_WHAT THIS TASK INVOLVES_
Print, exactly and with no pictures, the line containing "Buty piłkarskie korki" and each line after it to the end of the entries below.
─── RECORD EXTRACTS
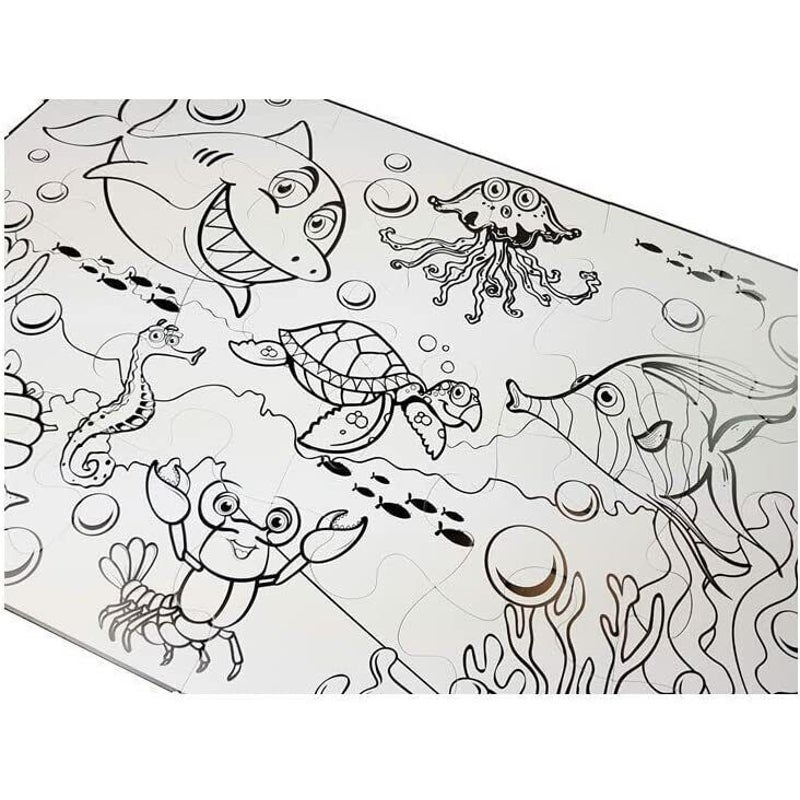 Sea World Painting Puzzle 24 Pieces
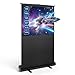 Todeco Beamer Leinwand 60 Zoll 4:3, Mobile Business und Heimkino Beamer, Tragbar Projektor Leinwand, Bodenprojektor Bildschirm, 121 x 91 cm, Keine Montage erforderlich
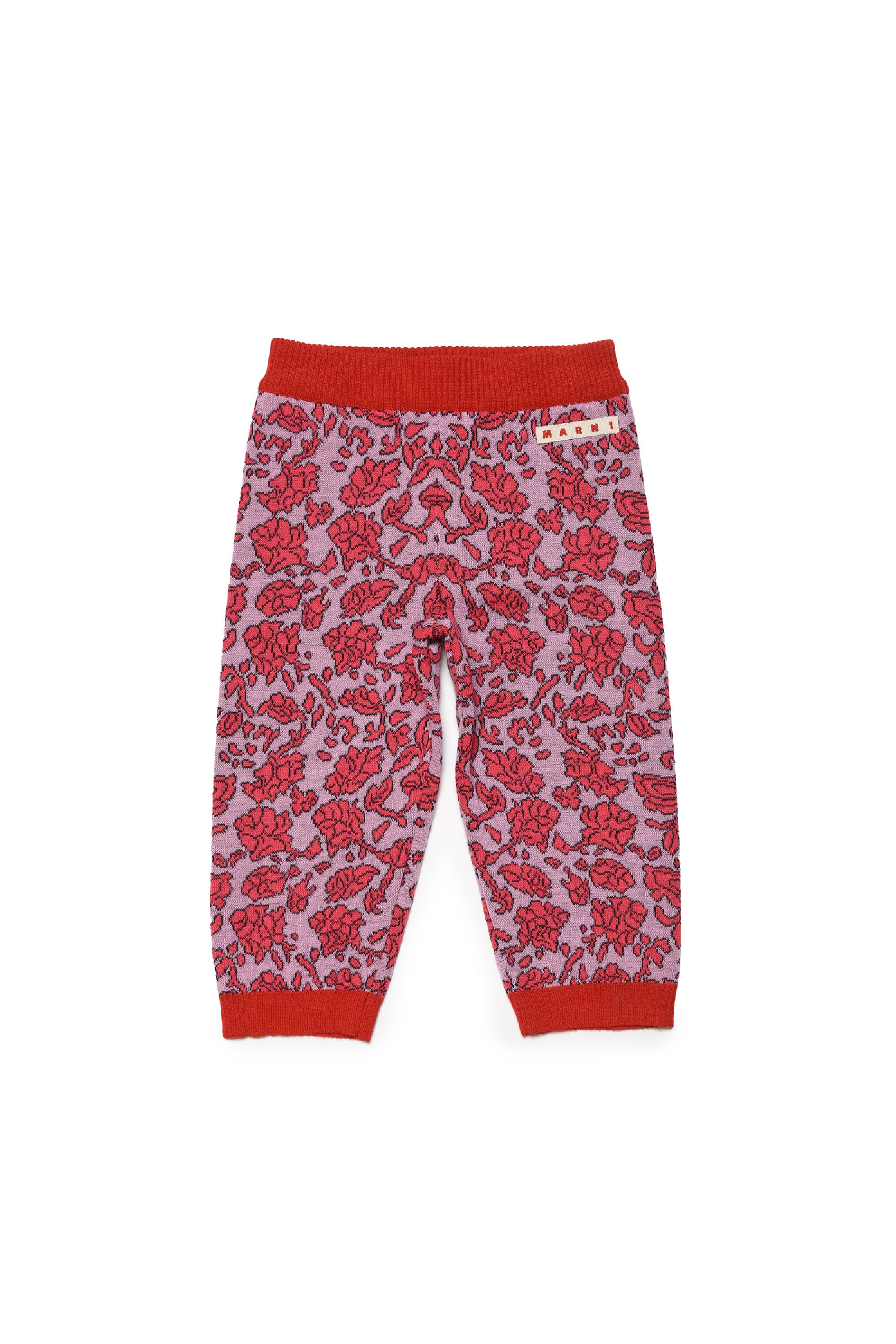 Pantalon de survêtement à imprimé jacquard en laine - Fairy Tail Pink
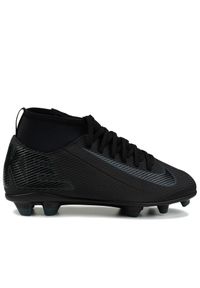 Buty piłkarskie korki Nike JR SUPERFLY 10 CLUB FG/MG. Kolor: czarny. Sport: piłka nożna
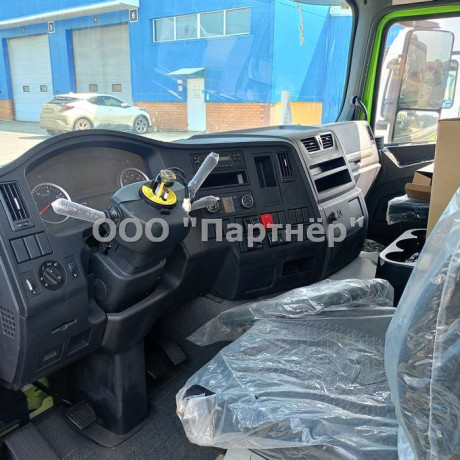 Кабина в сборе Shacman X3000 Самосвал Зеленая под Weichai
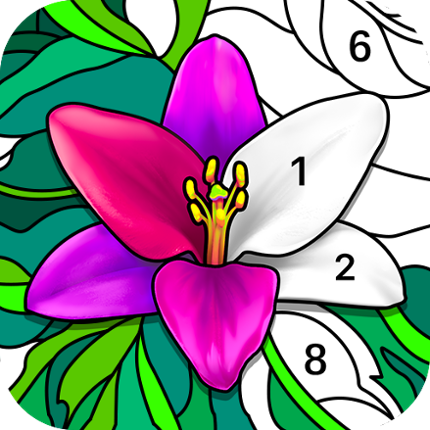 Daily Coloring Paint by Number Game Cover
──────
_ANSWER TO THE EXERCISE_
 Buty piłkarskie korki Nike JR SUPERFLY 10 CLUB FG/MG. Kolor: czarny. Sport: piłka nożna
 Кабина в сборе Shacman X3000 Самосвал Зеленая под Weichai
 Daily Coloring Paint by Number Game Cover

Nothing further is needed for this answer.